Poets knew what we have forgotten
No literature on earth has grieved the mother’s love with the same aching beauty as Urdu poetry. The poets who wrote these lines were not being sentimental. They were being precise.
Jis ne di thi aaghosh-e-mohabbat tujh ko,
Us maa ke qadmon mein jannat hai teri!
(She who gave you the embrace of love – your heaven lies at that mother’s feet.)
And the English tradition, no less moved, gave us William Ross Wallace, who wrote in the nineteenth century: “The hand that rocks the cradle is the hand that rules the world.” Abraham Lincoln said with characteristic plainness: “All that I am, or hope to be, I owe to my angel mother.” The writer Victor Hugo distilled it even further: “A mother’s arms are made of tenderness and children sleep soundly in them.”
Indian mothers: Architects of the nation
India was not built only by political leaders or institutions. It was built in kitchens, courtyards, and bedtime conversations.
Indian mothers carried families through poverty, migration, partition, illness, and uncertainty — often without recognition.

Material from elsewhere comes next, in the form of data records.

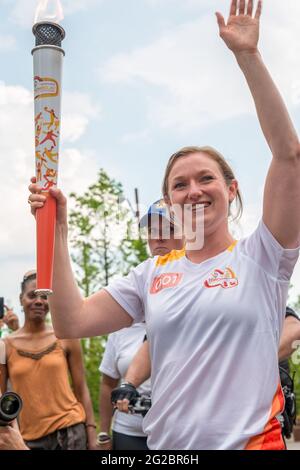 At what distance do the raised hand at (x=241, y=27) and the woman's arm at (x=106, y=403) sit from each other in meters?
3.47

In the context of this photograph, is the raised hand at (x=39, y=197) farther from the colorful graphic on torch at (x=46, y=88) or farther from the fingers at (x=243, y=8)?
the fingers at (x=243, y=8)

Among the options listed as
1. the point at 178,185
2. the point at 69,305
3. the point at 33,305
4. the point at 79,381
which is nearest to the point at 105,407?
the point at 79,381

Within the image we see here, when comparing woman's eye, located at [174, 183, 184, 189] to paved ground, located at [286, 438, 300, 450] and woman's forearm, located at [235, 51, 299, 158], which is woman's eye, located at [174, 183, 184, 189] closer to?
woman's forearm, located at [235, 51, 299, 158]

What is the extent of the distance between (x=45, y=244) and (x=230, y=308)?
65cm

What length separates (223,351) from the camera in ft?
6.66

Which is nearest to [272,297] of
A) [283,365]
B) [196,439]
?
[196,439]

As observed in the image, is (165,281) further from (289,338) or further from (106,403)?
(106,403)

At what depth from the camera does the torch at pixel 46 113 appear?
6.97 feet

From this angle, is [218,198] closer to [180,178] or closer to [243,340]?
[180,178]

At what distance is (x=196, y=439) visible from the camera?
2.01 meters

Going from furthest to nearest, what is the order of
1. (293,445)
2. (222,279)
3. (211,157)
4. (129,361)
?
(293,445)
(129,361)
(211,157)
(222,279)

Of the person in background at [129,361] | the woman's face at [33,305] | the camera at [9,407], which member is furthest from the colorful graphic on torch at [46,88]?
the woman's face at [33,305]

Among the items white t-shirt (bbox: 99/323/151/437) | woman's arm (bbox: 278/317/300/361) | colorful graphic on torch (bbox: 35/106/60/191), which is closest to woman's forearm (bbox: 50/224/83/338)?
colorful graphic on torch (bbox: 35/106/60/191)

They sold jewellery for education, skipped comforts for their children’s future, and turned values into inheritance.
The story of India is incomplete without women like Jijabai, who shaped Shivaji Maharaj’s vision, or Putlibai, whose discipline deeply influenced Gandhi.
Even today, millions of Indian mothers continue to be the country’s most underappreciated nation-builders.
The loneliness we refuse to see
Modern India faces a quiet emotional crisis.
Many elderly parents now live alone, especially in cities. Children move away in pursuit of careers and opportunities, but somewhere along the journey, communication becomes occasional, visits become rare, and affection becomes digital.
We often call this independence.
But for many mothers, it feels like abandonment.
What she needs is rarely expensive.
She does not want luxury.
She wants your voice.
She wants your presence.
She wants to know that the child she gave everything to still remembers her.
Before this day ends
Before this Mother’s Day is over, pause.
Call her.
Visit her.
Sit beside her without looking at your phone.
Listen to the stories you have heard a hundred times before. The story is not important anymore — her voice is.
One day, the house will become quieter than silence. One day, her number will stop appearing on your phone. And on that day, you would give anything to hear her call your name one more time.
Do not wait for absence to understand love.
Mother’s Day is not about social media posts or flowers bought in a hurry. It is about gratitude. It is about remembering the woman who stood between you and the world long before the world knew you existed.
Because the truth is simple:
She was your first breath.
Your first prayer.
Your first home.
And perhaps the purest form of love you will ever know.
Don’t wait for the silence to understand what you have.